TASK GOAL: Reproduce the lines below exactly. Skip images.

DATASET EXCERPT:
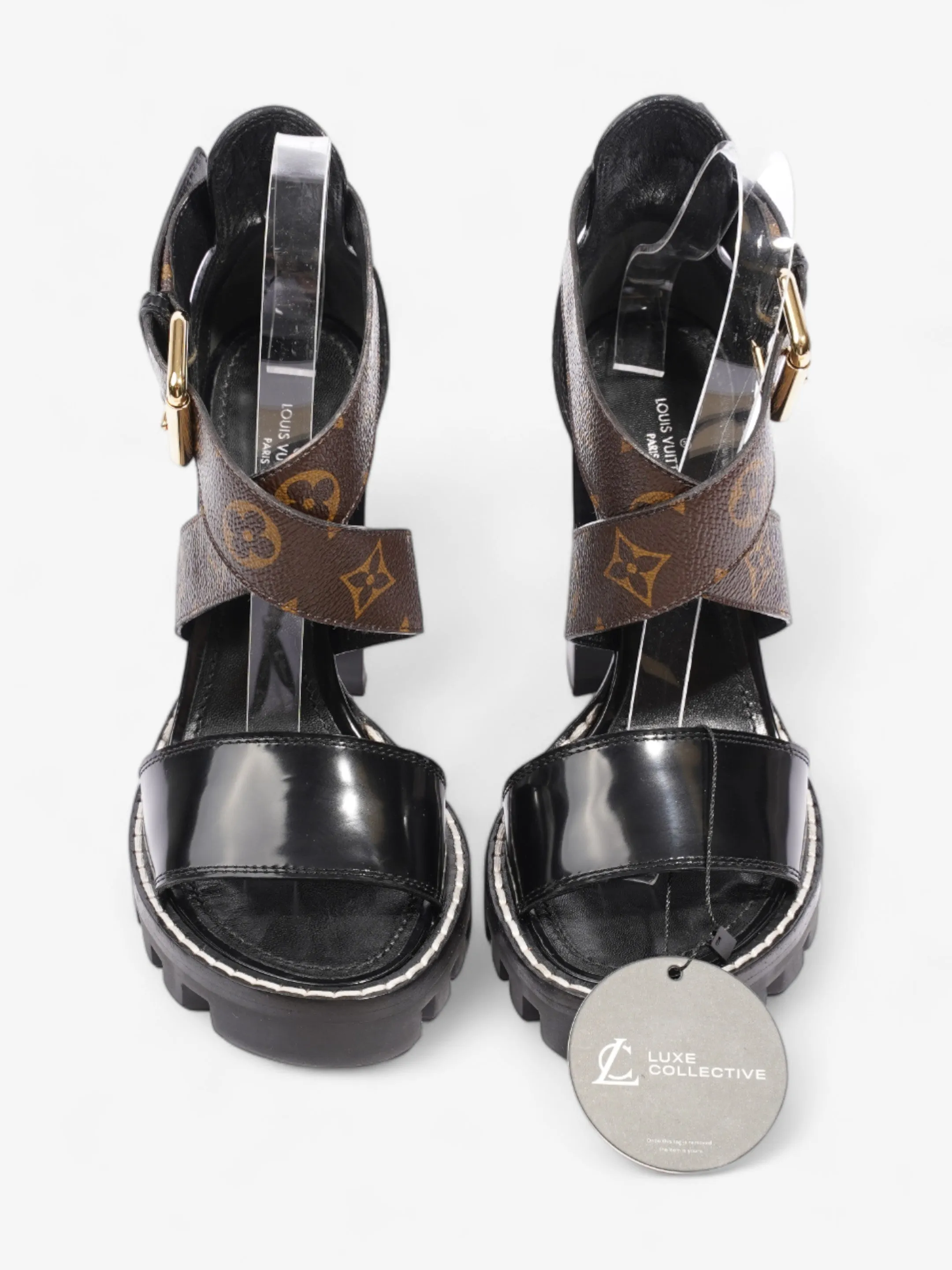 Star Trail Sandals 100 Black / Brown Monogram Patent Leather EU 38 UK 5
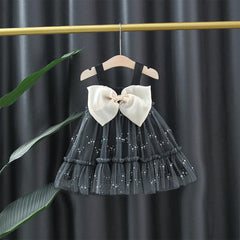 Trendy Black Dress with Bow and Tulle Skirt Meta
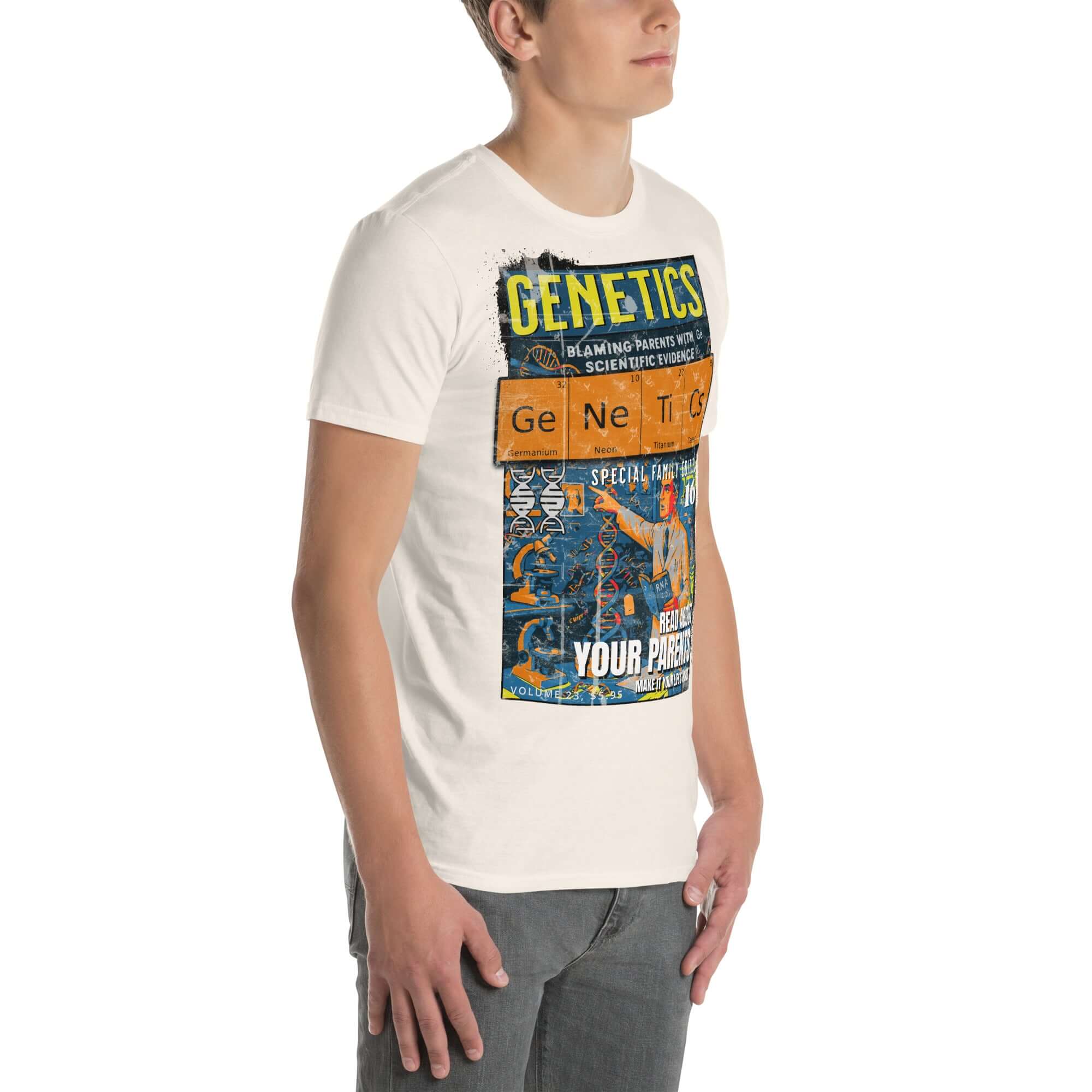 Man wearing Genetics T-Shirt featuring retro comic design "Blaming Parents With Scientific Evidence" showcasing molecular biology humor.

REPLY:
 Star Trail Sandals 100 Black / Brown Monogram Patent Leather EU 38 UK 5
 Trendy Black Dress with Bow and Tulle Skirt Meta
 Man wearing Genetics T-Shirt featuring retro comic design "Blaming Parents With Scientific Evidence" showcasing molecular biology humor.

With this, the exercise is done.